Re: [PATCH 03/16] KVM: x86: set gfn-to-pfn cache length consistently with VM word size

Paolo Bonzini <pbonzini@xxxxxxxxxx> · Fri, 28 Oct 2022 13:36:20 +0200

On 10/27/22 19:22, Sean Christopherson wrote:
On Thu, Oct 27, 2022, Paolo Bonzini wrote:
So, use the short size at activation time as well.  This means
re-activating the cache if the guest requests the hypercall page
multiple times with different word sizes (this can happen when
kexec-ing, for example).

I don't understand the motivation for allowing a conditionally valid GPA.  I see
a lot of complexity and sub-optimal error handling for a use case that no one
cares about.  Realistically, userspace is never going to provide a GPA that only
works some of the time, because doing otherwise is just asking for a dead guest.

We _should_ be following the Xen API, which does not even say that the
areas have to fit in a single page.  In fact, even Linux's

        struct vcpu_register_runstate_memory_area area;

        area.addr.v = &per_cpu(xen_runstate, cpu);
        if (HYPERVISOR_vcpu_op(VCPUOP_register_runstate_memory_area,
                               xen_vcpu_nr(cpu), &area))
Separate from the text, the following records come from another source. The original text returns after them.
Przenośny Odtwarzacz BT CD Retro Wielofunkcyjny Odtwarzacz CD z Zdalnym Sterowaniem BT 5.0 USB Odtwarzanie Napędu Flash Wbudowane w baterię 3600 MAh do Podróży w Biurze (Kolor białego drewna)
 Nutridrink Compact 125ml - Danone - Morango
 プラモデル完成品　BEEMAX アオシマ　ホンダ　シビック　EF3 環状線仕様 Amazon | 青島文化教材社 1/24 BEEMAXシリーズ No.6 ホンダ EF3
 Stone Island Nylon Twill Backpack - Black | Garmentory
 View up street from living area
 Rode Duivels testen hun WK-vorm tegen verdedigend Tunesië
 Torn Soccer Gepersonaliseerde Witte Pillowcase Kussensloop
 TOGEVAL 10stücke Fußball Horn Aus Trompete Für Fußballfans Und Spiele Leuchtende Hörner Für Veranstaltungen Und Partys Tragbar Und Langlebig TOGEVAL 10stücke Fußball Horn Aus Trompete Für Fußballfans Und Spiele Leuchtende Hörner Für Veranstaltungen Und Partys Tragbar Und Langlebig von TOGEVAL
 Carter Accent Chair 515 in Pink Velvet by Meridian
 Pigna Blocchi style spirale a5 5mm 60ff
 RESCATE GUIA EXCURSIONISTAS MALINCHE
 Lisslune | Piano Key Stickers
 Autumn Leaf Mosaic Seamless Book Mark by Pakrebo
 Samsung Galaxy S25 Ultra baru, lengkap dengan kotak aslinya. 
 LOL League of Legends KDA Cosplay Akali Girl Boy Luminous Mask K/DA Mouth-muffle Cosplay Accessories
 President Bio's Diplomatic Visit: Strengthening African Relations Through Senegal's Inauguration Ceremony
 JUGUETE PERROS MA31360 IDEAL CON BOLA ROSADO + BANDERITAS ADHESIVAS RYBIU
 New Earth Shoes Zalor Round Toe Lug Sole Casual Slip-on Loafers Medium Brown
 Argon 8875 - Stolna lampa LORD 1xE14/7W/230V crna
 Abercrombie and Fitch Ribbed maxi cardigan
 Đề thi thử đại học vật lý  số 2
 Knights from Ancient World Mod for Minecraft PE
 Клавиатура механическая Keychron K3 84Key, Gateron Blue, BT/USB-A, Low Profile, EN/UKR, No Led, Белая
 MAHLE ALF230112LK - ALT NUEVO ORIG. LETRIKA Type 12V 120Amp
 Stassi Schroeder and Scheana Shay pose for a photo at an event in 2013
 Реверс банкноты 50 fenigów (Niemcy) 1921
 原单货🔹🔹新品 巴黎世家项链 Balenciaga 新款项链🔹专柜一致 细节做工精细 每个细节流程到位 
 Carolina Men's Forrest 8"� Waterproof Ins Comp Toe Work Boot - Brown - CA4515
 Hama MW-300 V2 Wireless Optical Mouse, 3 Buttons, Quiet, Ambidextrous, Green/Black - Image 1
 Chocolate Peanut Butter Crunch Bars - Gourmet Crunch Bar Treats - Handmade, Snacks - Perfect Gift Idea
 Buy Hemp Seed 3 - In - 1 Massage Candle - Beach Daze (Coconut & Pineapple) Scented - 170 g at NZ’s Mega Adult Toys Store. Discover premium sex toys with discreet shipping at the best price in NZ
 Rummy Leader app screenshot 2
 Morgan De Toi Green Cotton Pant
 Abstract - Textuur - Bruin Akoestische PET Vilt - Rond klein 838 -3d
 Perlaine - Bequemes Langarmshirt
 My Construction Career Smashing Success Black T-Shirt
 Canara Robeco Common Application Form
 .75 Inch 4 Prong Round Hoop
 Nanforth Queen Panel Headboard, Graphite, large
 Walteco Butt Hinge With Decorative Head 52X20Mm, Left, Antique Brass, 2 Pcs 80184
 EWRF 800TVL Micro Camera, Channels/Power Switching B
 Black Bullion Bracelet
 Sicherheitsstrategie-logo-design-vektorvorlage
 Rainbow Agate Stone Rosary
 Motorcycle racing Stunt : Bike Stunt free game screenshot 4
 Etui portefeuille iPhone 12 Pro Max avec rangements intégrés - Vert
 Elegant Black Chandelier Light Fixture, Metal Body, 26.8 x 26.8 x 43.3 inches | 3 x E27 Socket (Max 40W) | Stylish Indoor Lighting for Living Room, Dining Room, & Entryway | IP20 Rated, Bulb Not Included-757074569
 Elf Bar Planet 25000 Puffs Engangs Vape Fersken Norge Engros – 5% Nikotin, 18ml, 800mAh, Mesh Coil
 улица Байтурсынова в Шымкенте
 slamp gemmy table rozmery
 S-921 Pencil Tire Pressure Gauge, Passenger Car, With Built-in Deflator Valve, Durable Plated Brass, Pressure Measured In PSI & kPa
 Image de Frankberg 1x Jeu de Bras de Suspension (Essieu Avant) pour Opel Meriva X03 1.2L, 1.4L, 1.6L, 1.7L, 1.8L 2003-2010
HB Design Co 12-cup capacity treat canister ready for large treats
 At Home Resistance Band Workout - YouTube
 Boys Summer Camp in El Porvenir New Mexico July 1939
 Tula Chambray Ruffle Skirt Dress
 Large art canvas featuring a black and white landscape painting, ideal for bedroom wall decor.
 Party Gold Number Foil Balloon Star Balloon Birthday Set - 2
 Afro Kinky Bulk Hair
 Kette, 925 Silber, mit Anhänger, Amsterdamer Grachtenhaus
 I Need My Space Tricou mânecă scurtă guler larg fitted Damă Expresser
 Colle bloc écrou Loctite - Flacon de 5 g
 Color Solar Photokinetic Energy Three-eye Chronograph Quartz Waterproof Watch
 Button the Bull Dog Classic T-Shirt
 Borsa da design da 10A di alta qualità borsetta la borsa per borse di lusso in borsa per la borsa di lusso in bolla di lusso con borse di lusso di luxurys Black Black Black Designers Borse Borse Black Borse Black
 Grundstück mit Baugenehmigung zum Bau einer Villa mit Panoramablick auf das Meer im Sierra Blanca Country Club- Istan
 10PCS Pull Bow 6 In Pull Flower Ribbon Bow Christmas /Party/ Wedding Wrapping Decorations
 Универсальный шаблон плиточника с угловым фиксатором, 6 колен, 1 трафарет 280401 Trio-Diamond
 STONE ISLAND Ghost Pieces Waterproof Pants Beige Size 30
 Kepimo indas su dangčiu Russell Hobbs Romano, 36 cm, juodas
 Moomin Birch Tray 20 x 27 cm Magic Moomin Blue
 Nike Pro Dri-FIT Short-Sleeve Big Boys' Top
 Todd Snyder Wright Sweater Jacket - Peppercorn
could fail or not just depending on the linker's whims, if I'm not
very confused.

Other data structures *do* have to fit in a page, but the runstate area
does not and it's exactly the one where the cache comes the most handy.
For this I'm going to wait for David to answer.

That said, the whole gpc API is really messy and needs to be cleaned
up beyond what this series does.  For example,

        read_lock_irqsave(&gpc->lock, flags);
        while (!kvm_gfn_to_pfn_cache_check(v->kvm, gpc, gpc->gpa,
                                           sizeof(x))) {
                read_unlock_irqrestore(&gpc->lock, flags);

                if (kvm_gfn_to_pfn_cache_refresh(v->kvm, gpc, gpc->gpa, sizeof(x)))
                        return;

                read_lock_irqsave(&gpc->lock, flags);
        }
	...
        read_unlock_irqrestore(&gpc->lock, flags);

should really be simplified to

	khva = kvm_gpc_lock(gpc);
	if (IS_ERR(khva))
		return;
	...
	kvm_gpc_unlock(gpc);

Only the special preempt-notifier cases would have to use check/refresh
by hand.  If needed they could even pass whatever length they want to
__kvm_gpc_refresh with, explicit marking that it's a here-be-dragons __API.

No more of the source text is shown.